J’ai la chance d’être entouré de mes potes, surtout en tournée. Darko et Mathieu, deux de mes musiciens, sont de grands déconneurs très taquins. Combien de fois je suis sorti de scène en leur disant: «Les gars, j’ai besoin de vous», et on cherche une vanne à trois. Eux sont parfois un peu plus… Enfin voilà, vous avez compris. Il faut juste être subtil, je ne veux jamais que ça blesse, d’où certaines hésitations. Et d’où des centaines d’excellentes vannes que je dois condamner.

Questionnaire de Proust

Si vous pouviez changer quelque chose à votre biographie?

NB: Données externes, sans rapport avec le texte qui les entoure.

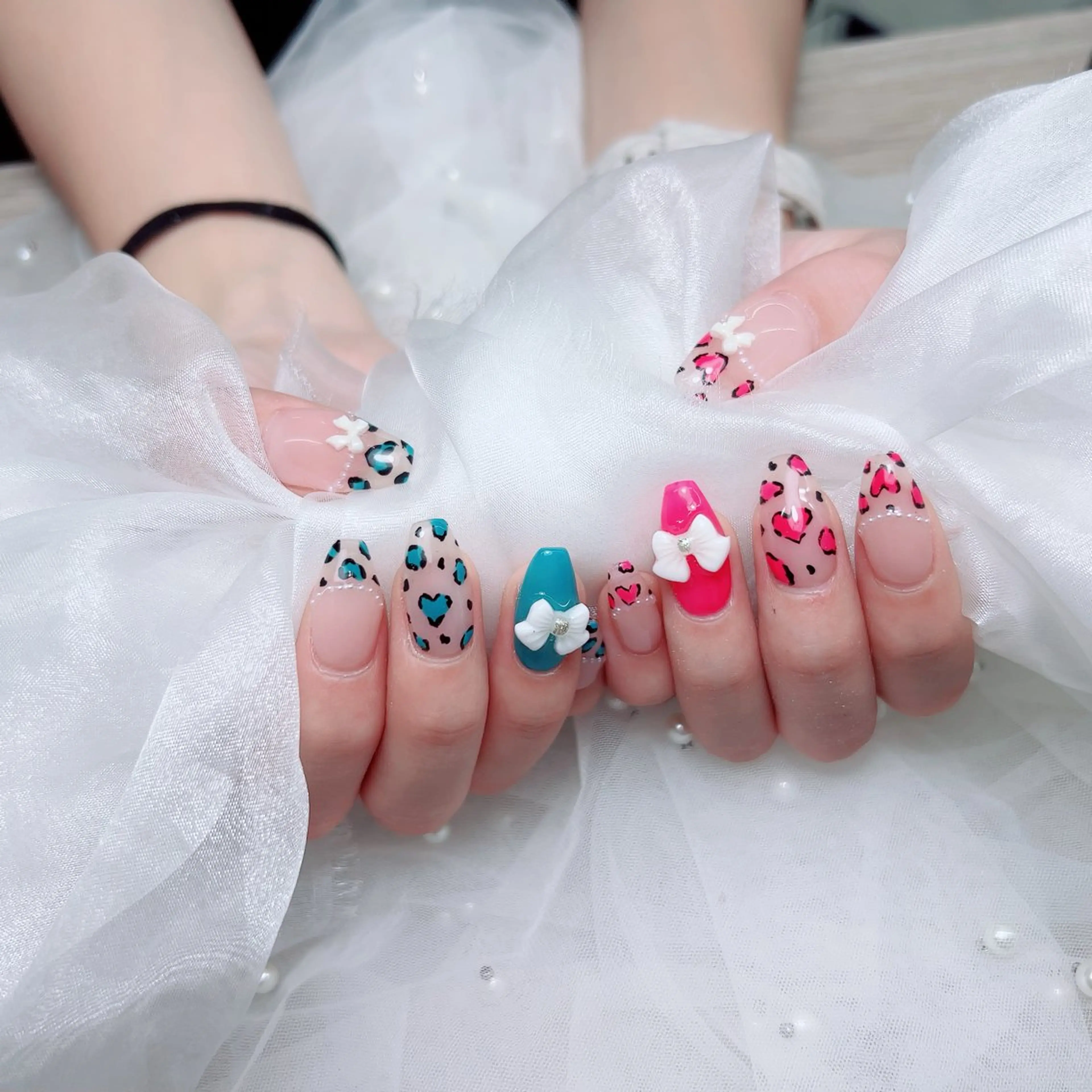 セミロング gallery Yumiのネイルデザイン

Ma taille. Je lis partout que je fais 1m73, alors que c’est 1m75. Et sans chaussures (rires)!

Le talent que vous n’aurez jamais?

Une confiance suffisante en moi. Arriver à se dire «je suis bien comme je suis», c’est un grand talent qui aide à vivre et à respecter les autres.

Un animal?

Un bélouga. Ils me touchent énormément, on dirait des labradors. C’est le chien parfait, mais sous l’eau.

Si vous étiez une femme?

Celles qui se battent et ne se laissent pas marcher sur les pieds.

Votre plus mauvaise habitude?

Avoir perdu le silence des yeux et des oreilles depuis quelques mois. Il faut que je me taise à nouveau.

Le dernier livre lu?

On m’a récemment offert l’intégrale de Nietzsche. L’approche me semblait complexe, l’objet était presque trop gros. Puis j’ai lu Le gai savoir et j’ai compris qu’on pouvait plonger simplement dedans, alors que je l’avais redouté pendant longtemps.

Profil

1982 Naissance le 7 juillet dans le Gard.

2007 Remporte «Nouvelle Star» sur M6.

2008 Premier album, «Ersatz».

2015 Artiste masculin aux Victoires de la musique.

2016 Cinquième album, «&» (prononcer esperluette).

2018 «Vous & Moi», version acoustique de «&». Le 25 avril, concert acoustique solo à Lausanne, Théâtre de Beaulieu.